The first stage in a judicial review application is the application for leave for judicial review. It must be made promptly and in any event within three months of the date of the grounds when the application first arose. In some cases, such as in planning, a shorter time limit applies. The court may, if there is good reason, extend the period in which the application may be made.
In any event, the applicant must move expeditiously and any delay maybe a bar in itself at the court\’s discretion even if made within the three month period. The courts are reluctant to grant extensions of time without good reason.
An application for judicial review is preceded by an ex parte [unilateral application] in a prescribed form verifying the facts concerned. In an increasing number of cases, statute requires that the application for leave is made on notice to the other party. In an increasing number of cases, statute provides a higher threshold than applies generally.
The grounds must be set out. The affidavit must set out the particulars of the applicant, the grounds of the application and the reliefs sought. This is verified by affidavit.
Papers are filed in the Central Office of the High Court and the application is made in an ex parte list. Urgent applications may be made directly to the judge by arrangement with the registrar.

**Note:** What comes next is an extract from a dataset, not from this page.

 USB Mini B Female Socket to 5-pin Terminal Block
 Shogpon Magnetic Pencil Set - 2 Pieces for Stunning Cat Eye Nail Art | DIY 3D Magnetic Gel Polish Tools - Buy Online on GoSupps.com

The applicant must show that he or she has a sufficient interest in the matter. The case set out must be stateable and that it forms a sufficient basis for the relief sought. The court will consider whether the application has been made promptly and in good time.
It must be shown that the facts claimed would, if proved, be sufficient to support a stateable ground for the relief. There must be an arguable case in law that the applicant is entitled to the relief. It must be shown that the only effective remedy is by way of judicial review or that if there is an alternative remedy, that judicial review is more appropriate. The conditions are not exhaustive, and the court has a broad discretion on an application for an ex parte order.
The court may grant leave and impose terms as to costs. It may require an undertaking in relation to damages. The judge may require the undertaking of his own motion, or it may be sought by a respondent party on continuation of leave or on the initial application on notice. Security may be required exceptionally.
Where an order of prohibition or certiorari is sought, the court may direct the ground of leave, stays proceedings in the matter concerned until the application is determined or until the court orders otherwise. Under the rules, the court may grant such interim relief as may be granted in a claim by plenary summons. The principles applicable on the grant of an interlocutory injunctions apply.
Where the ex parte application is either refused and heard in part by the High Court, an application may be brought to the Court of Appeal within four days or such longer time as the Court of Appeal Court may allow.
It appears that the respondent or notice party may themselves appeal the grant of leave. The court itself has jurisdiction set this aside. There is a heavy onus on the respondent in such an application. The respondent may apply to court to vary or discharge the order. This is done by motion on notice.
After the granting of leave, the court may direct that the matter proceed by originating motion of notice of motion or plenary summons. Plenary summons is only used in more complex cases. Once leave is granted, the originating motion or summons must be served within 14 days or such longer period as the order directs.
The applicant must serve copies of the orders, statement of grounds and verifying affidavits and the respondents and other parties who are directly affected. Service must generally be personal. If the person concerned/ applicant is in custody, he may use prepaid post.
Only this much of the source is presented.